# Problem description
Range to repeat from the listing below: the line containing "Sandales à logo" down to the line containing "HomeTowne Studios Dallas", both included. Copy it exactly, pictures excluded, and add nothing else.

# Given data
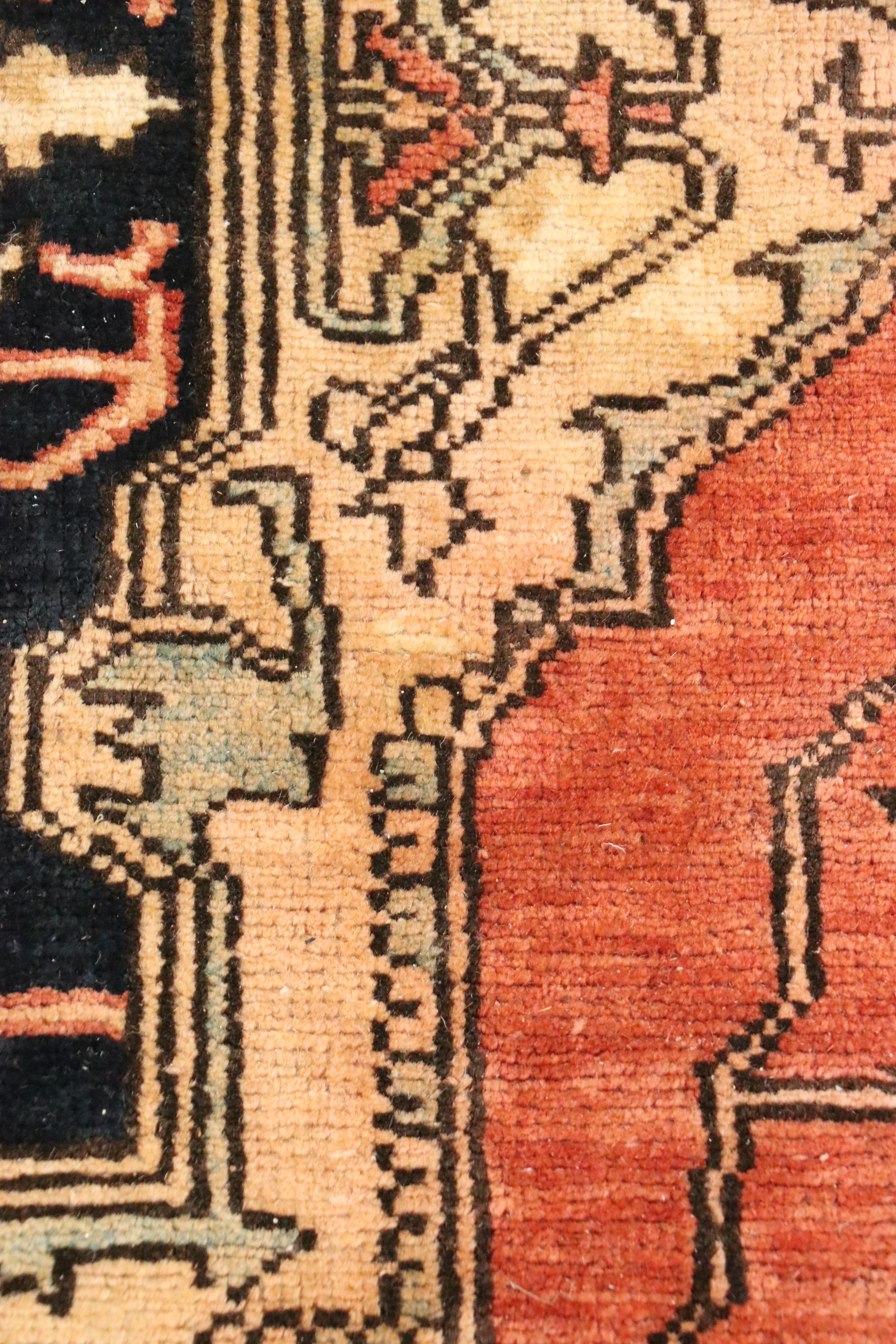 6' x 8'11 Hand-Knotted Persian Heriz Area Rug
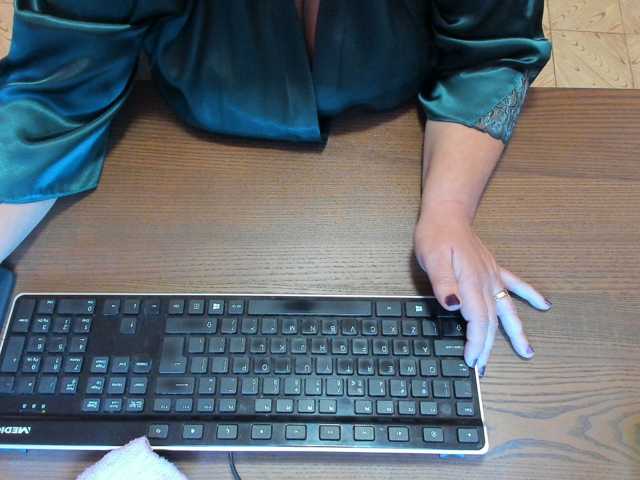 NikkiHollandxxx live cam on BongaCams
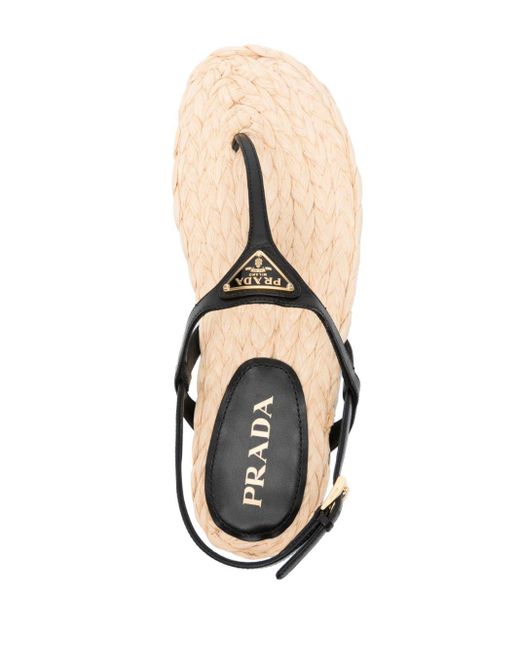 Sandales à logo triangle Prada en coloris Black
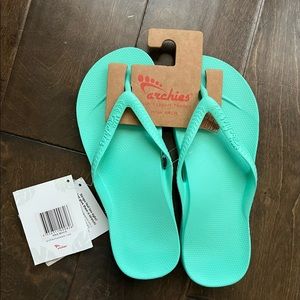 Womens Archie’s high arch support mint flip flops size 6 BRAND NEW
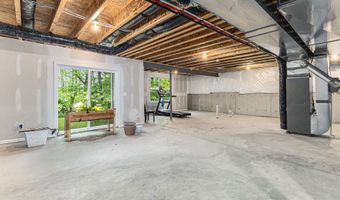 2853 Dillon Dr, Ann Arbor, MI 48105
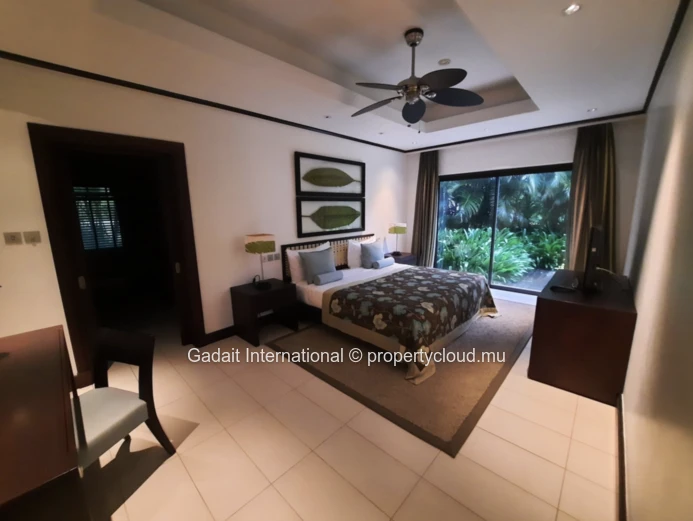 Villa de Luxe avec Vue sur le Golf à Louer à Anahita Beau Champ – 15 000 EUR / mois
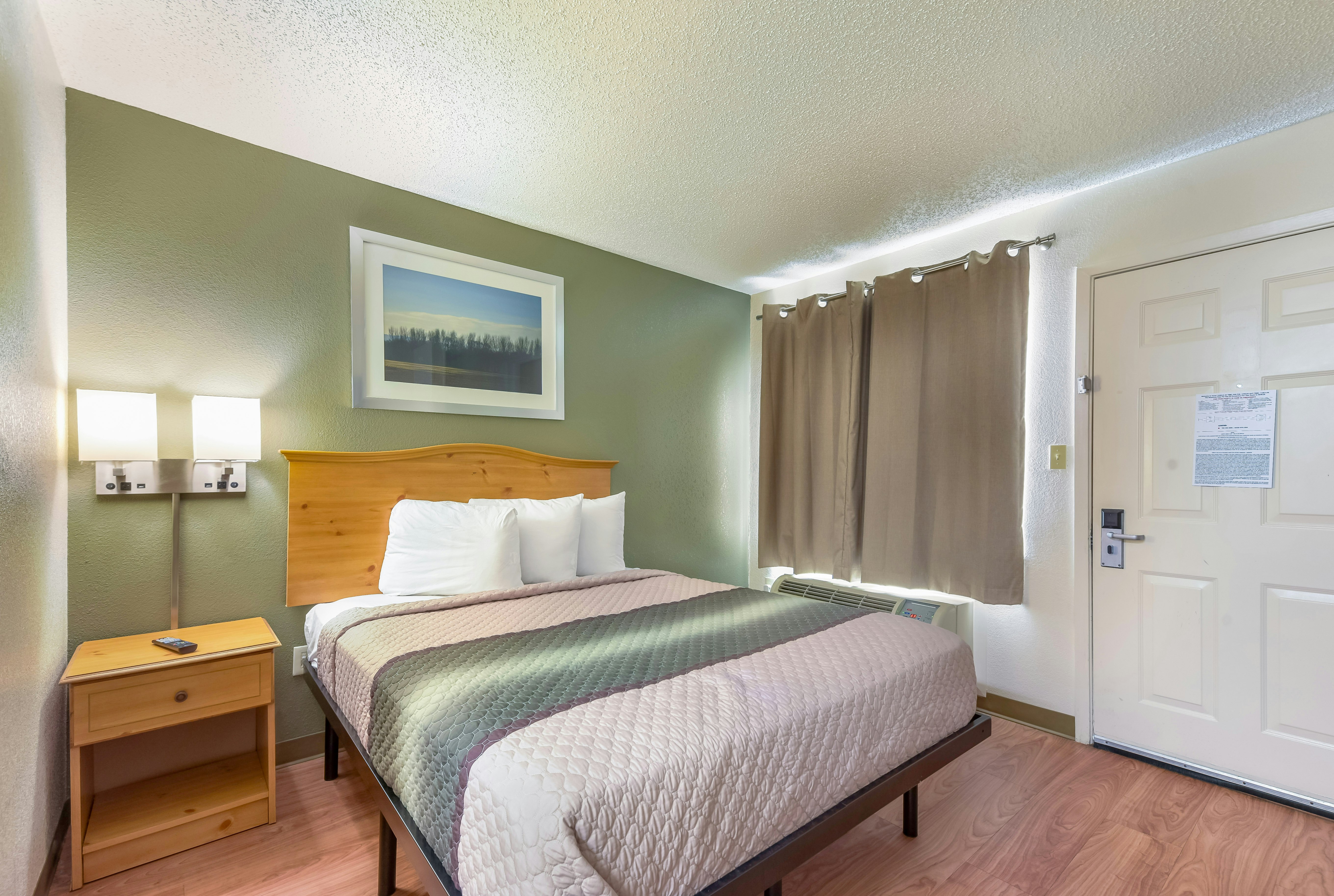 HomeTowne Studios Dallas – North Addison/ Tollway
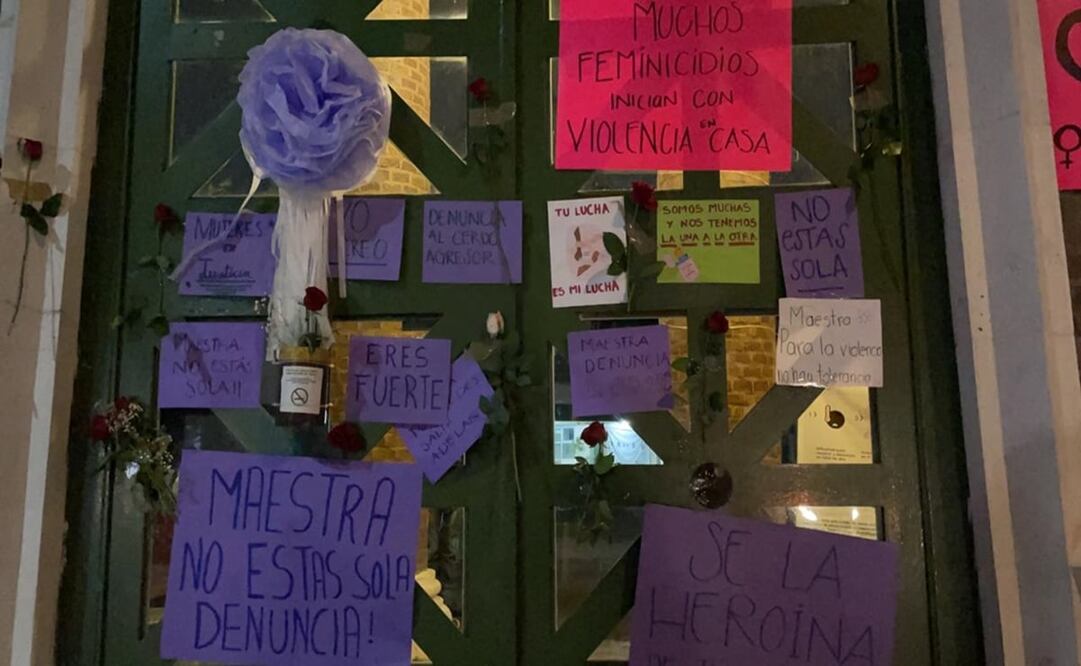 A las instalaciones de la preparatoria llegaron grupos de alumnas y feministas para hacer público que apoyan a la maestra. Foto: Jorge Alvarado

# Task result
 Sandales à logo triangle Prada en coloris Black
 Womens Archie’s high arch support mint flip flops size 6 BRAND NEW
 2853 Dillon Dr, Ann Arbor, MI 48105
 Villa de Luxe avec Vue sur le Golf à Louer à Anahita Beau Champ – 15 000 EUR / mois
 HomeTowne Studios Dallas – North Addison/ Tollway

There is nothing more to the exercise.